3.2. Modes de déplacements, contraintes d’accès aux activités, biens et services

Au-delà des éléments précédemment évoqués, les évolutions des modes de vie et des modes de fonctionnement des individus influencent également l’organisation des transports et, plus globalement, la transformation et l’organisation urbaine, aussi bien au niveau des activités que des lieux de résidence. L’ensemble de ces changements peut être à l’origine d’inégalités d’accès aux activités entre les individus en ce sens qu’une partie de la population devient de plus en plus « nomade » et à l’opposé, une autre partie de la population se sédentarise sous contrainte : « Pour certains, la mobilité devient un mode de vie. Mais pour d'autres, elle est vécue comme une contrainte, à l'origine d'appréhension ou de stress, et cela d'autant plus lorsqu'ils ne disposent pas de voiture particulière et que l'offre de transport public est inadaptée. Les écarts entre les populations risquent de s'accroître et les inégalités de se renforcer, l'immobilité ou la « mobilité réduite » devenant un facteur d'exclusion accru » [Bailly et al, 2001, p.47]. Si la mobilité est vécue comme une contrainte par certains individus, l’accès au mode de déplacements conditionne cette contrainte : avoir une voiture particulière ou être correctement desservi par les transports collectifs permet d’être moins assigné à son territoire résidentiel. En conséquence, les individus peuvent se déplacer plus aisément pour atteindre les activités dont ils ont besoin. Dès lors que les choix de mobilité sont restreints ou contraints, les individus sont non seulement sédentarisés, mais aussi tributaires des activités présentes sur leur territoire. Et ce, même si ces activités ne répondent pas nécessairement à leurs attentes.

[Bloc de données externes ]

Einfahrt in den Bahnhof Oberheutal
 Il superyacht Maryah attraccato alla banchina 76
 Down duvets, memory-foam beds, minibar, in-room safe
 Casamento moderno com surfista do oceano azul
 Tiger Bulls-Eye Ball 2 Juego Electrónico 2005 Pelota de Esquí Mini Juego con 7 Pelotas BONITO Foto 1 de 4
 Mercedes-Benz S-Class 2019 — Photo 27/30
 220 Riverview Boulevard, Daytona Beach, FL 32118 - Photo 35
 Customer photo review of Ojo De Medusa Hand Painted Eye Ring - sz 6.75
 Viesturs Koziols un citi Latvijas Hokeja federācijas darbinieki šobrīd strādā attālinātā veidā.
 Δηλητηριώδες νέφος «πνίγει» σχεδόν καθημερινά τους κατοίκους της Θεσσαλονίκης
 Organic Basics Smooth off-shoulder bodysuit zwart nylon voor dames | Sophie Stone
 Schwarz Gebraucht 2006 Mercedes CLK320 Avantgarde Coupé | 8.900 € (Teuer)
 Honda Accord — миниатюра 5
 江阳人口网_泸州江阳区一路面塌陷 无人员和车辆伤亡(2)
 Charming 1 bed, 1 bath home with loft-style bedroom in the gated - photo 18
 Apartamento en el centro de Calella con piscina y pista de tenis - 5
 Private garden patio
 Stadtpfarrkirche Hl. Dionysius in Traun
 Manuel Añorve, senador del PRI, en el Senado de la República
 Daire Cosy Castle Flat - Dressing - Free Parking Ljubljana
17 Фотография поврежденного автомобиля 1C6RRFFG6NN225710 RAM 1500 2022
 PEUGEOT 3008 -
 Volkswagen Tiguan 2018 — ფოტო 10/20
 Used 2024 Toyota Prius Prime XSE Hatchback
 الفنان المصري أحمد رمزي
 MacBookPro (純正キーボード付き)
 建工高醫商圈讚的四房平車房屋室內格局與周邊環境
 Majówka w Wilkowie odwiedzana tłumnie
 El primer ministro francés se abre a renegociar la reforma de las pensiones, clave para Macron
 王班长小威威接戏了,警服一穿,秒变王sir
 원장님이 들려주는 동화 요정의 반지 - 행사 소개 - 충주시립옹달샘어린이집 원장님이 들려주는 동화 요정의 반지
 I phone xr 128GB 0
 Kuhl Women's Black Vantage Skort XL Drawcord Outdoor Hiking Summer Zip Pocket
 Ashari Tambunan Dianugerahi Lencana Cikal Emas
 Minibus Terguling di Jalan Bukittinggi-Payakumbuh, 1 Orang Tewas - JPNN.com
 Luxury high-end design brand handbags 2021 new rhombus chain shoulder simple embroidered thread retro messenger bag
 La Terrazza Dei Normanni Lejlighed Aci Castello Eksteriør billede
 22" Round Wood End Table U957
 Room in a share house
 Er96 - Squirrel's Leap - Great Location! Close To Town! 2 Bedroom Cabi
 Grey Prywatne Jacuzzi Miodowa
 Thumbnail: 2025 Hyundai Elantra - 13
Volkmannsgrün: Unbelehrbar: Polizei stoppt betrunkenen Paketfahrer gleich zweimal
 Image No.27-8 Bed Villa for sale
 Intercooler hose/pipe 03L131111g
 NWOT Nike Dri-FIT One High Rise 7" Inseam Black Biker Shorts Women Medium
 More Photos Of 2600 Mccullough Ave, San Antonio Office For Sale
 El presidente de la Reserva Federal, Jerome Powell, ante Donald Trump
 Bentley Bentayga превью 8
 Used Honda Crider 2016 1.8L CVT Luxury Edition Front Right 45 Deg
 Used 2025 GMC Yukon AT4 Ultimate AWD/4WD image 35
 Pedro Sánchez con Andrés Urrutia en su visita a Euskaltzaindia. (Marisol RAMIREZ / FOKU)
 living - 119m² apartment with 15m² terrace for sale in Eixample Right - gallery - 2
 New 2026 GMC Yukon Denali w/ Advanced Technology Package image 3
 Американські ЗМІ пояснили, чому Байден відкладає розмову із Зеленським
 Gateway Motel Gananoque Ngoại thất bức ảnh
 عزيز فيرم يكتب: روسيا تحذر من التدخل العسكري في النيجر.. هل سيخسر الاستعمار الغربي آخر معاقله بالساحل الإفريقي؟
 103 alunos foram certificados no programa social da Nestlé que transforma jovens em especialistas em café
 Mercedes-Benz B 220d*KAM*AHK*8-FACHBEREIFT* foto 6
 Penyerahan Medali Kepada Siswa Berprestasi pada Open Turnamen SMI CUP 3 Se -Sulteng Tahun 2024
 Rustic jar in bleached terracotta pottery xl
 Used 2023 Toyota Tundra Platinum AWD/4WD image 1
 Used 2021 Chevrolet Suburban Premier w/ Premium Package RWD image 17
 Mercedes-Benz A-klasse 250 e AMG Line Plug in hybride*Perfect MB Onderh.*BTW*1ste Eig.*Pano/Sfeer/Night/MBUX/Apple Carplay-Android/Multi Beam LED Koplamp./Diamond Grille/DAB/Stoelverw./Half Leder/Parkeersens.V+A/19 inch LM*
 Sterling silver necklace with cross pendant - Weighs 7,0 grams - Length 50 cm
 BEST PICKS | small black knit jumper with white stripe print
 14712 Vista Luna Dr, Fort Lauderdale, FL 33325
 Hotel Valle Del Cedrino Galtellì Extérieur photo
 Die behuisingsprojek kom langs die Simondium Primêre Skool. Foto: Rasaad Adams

D’après les travaux menés par G. Claisse et al. [2002] sur les inégalités de mobilité, « entre les plus aisés et les plus modestes, les modes de transports sont sensiblement différents. L’usage de la voiture particulière […] est beaucoup plus fréquent parmi les individus aisés que parmi les plus modestes ; inversement, l’utilisation des transports collectifs et de la marche à pied est relativement moins fréquente. Cela tient bien évidemment assez largement à l’inégal accès au volant des individus en fonction notamment de leur revenu » [Claisse et al, 2002, p.7]. Ces travaux montrent également que dès que les effets liés à l’accès à une voiture particulière sont supprimés, les inégalités de mobilité (en termes de distances, de vitesse, de budget-temps, de répartition modale et des motifs de déplacements) sont quasi-inexistantes. « Parmi ceux qui disposent d’un accès à la voiture particulière, les comportements en matière d’utilisation des modes de transport des plus modestes et des plus aisés sont identiques. […] Les différences de comportement sont en revanche assez sensibles parmi ceux qui n’ont pas accès à une voiture particulière » [Claisse et al, 2002, p.7].

Comme le montre l’exemple de la Figure 2 sur le quartier de Ecoin – Thibaude (Vaulx-en-Velin), l’accès à la voiture particulière permet aux individus d’étendre leur territoire accessible et de bénéficier plus aisément des activités dont ils peuvent avoir besoin. Ils ne sont pas contraints comme ceux n’ayant pas d’accès à ce mode de transports – et qui doivent se « débrouiller » autrement. En effet, le territoire accessible en au plus 40 minutes en voiture particulière est quasiment celui du Grand Lyon. Par contre, il est nettement plus limité dès que les usagers des transports collectifs. Ces derniers bénéficient, pour des temps d’accès comparables à la voiture particulière, des activités présentes sur un territoire plus restreint que ceux des individus motorisés.

Figure 2 : Accessibilité depuis le quartier Ecoin-Thibaude (Vaulx-en-Velin) à l’heure de pointe du soir en transports collectifs et en voiture particulière

Sources : D. Caubel, SIG Géoconcept©

Ce tour d’horizon sur l’évolution des modes de vie et sur les pratiques de mobilité met en évidence des inégalités de chances par rapport aux besoins des individus. Ces différents facteurs agissent de manière différenciée sur les modes de fonctionnement des individus et sur l’accès aux activités. Néanmoins, ils ne sont pas indépendants les uns des autres (par exemple, les diplômes précisent les revenus). Les inégalités de chances par rapport aux activités peuvent être identifiées par un croisement de ces différents facteurs agissant conjointement sur les capabilités de réalisation des individus.